Leitsatz (amtlich)

Ist von der wiederaufgelebten Witwenrente der auf die Zeit ab Entstehung des Anspruchs (= Auflösung der neuen Ehe) entfallende Teil einer anläßlich der neuen Eheschließung gezahlten Rentenabfindung selbst dann einzubehalten, wenn der Antrag auf Wiedergewährung der Rente erst später als 12 Monate nach Auflösung der neuen Ehe gestellt und deswegen die wiederaufgelebte Rente erst von einem späteren Zeitpunkt an gezahlt wird, so kann der einzubehaltende Teil der Rentenabfindung nicht um den Betrag vermindert werden, der im Falle rechtzeitiger Antragstellung der Witwe in der Zeit zwischen der Entstehung des Anspruchs und der tatsächlichen Antragstellung als wiederaufgelebte Witwenrente zugestanden hätte (Anschluß an und Fortführung von BSG 1973-09-18 12 RJ 128/72 = SozR Nr 36 zu § 1291 RVO, BSG 1978-03-15 1/5 RJ 84/77).

 

Normenkette

RVO § 1291 Abs. 2 S. 2 Fassung: 1957-02-23

 

Verfahrensgang

LSG Niedersachsen (Urteil vom 08.02.1978; Aktenzeichen L 2 J 243/77)

SG Lüneburg (Entscheidung vom 14.09.1977; Aktenzeichen S 4 J 326/76)

 

Tenor

Auf die Revision der Beklagten wird das Urteil des Landessozialgerichts Niedersachsen vom 8. Februar 1978 geändert.

Die Berufung der Klägerin gegen das Urteil des Sozialgerichts Lüneburg vom 14. September 1977 wird zurückgewiesen.

Auf die Berufung der Beklagten wird unter Abänderung des Urteils des Sozialgerichts Lüneburg vom 14. September 1977 die Klage in vollem Umfange abgewiesen.
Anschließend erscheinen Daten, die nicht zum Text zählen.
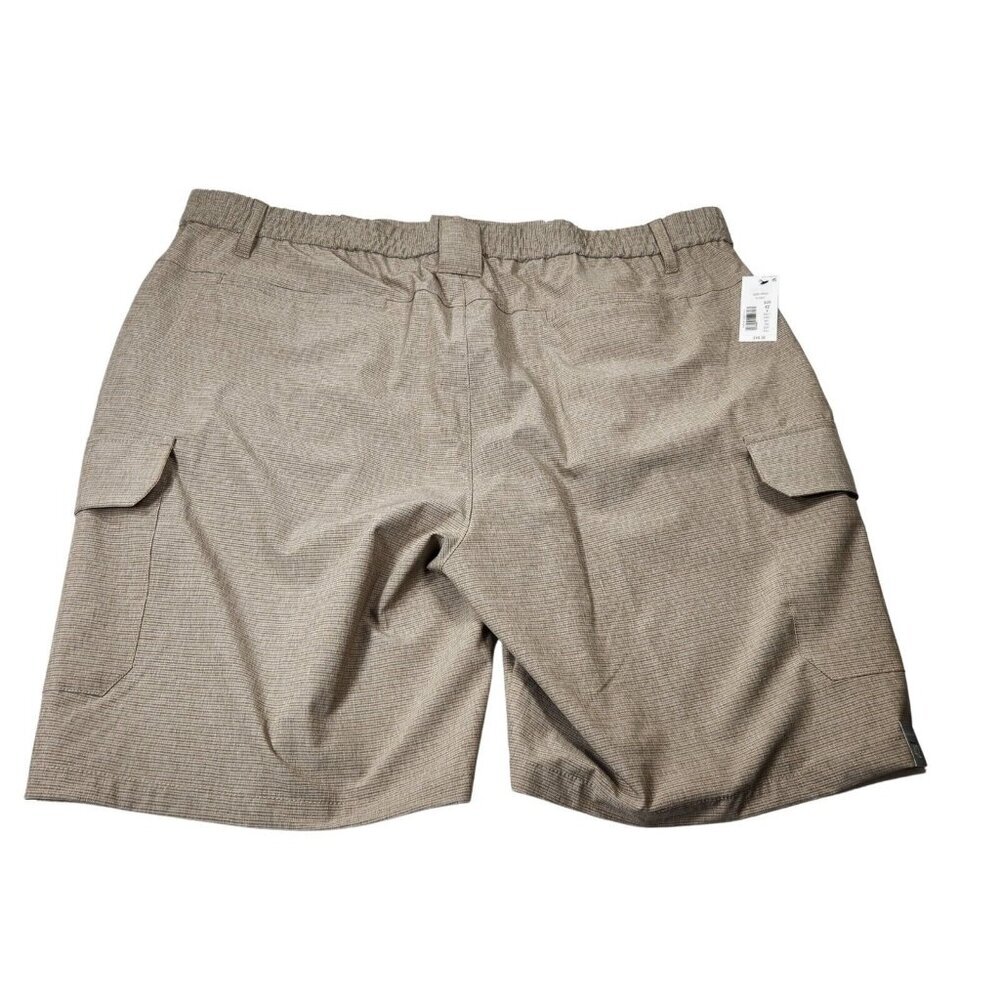 Roundtree & Yorke Performance Mens Cargo Shorts Size 42 Classic Fit comfort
Außergerichtliche Kosten des Rechtsstreits sind nicht zu erstatten.

 

Tatbestand

Die Beteiligten streiten um die Höhe einer auf die wiederaufgelebte Witwenrente anzurechnenden Heiratsabfindung.

Die Beklagte gewährte der Klägerin aus der Versicherung ihres im Jahre 1968 verstorbenen ersten Ehemannes Witwenrente. Diese wurde anläßlich der zweiten Eheschließung der Klägerin im September 1970 mit einem Betrag von DM 15.558,- abgefunden. Am 27. November 1972 verstarb der zweite Ehemann der Klägerin. Ihr wurde daraufhin aus dessen Versicherung ab 27. November 1972 Witwenrente bewilligt.
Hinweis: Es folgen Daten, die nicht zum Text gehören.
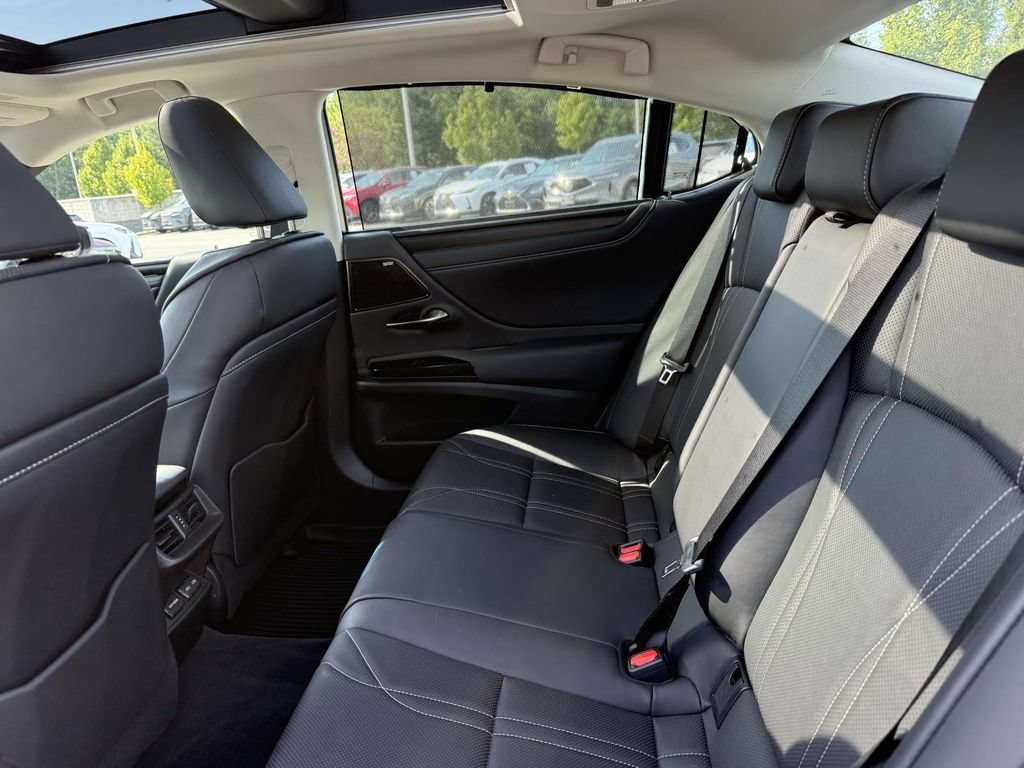 Used 2023 Lexus ES 350 Ultra Luxury w/ Accessory Package (Z2) FWD image 17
Auf den Antrag vom 30. September 1975 bewilligte die Beklagte mit Bescheid vom 5. März 1976 der Klägerin ab 1. September 1975 wiederaufgelebte Witwenrente aus der Versicherung ihres ersten Ehemannes in Höhe von monatlich DM 436,90. Hierauf rechnete sie die Witwenrente aus der Versicherung des zweiten Ehemannes von monatlich DM 247,90 sowie einen weiteren Betrag von DM 150,- zur Tilgung des auf die Zeit vom 1. Dezember 1972 bis 30. September 1975 entfallenden Teils der Witwenrentenabfindung in Höhe von DM 8.816,20 an, so daß sich ein Zahlbetrag von monatlich DM 39,- ergab.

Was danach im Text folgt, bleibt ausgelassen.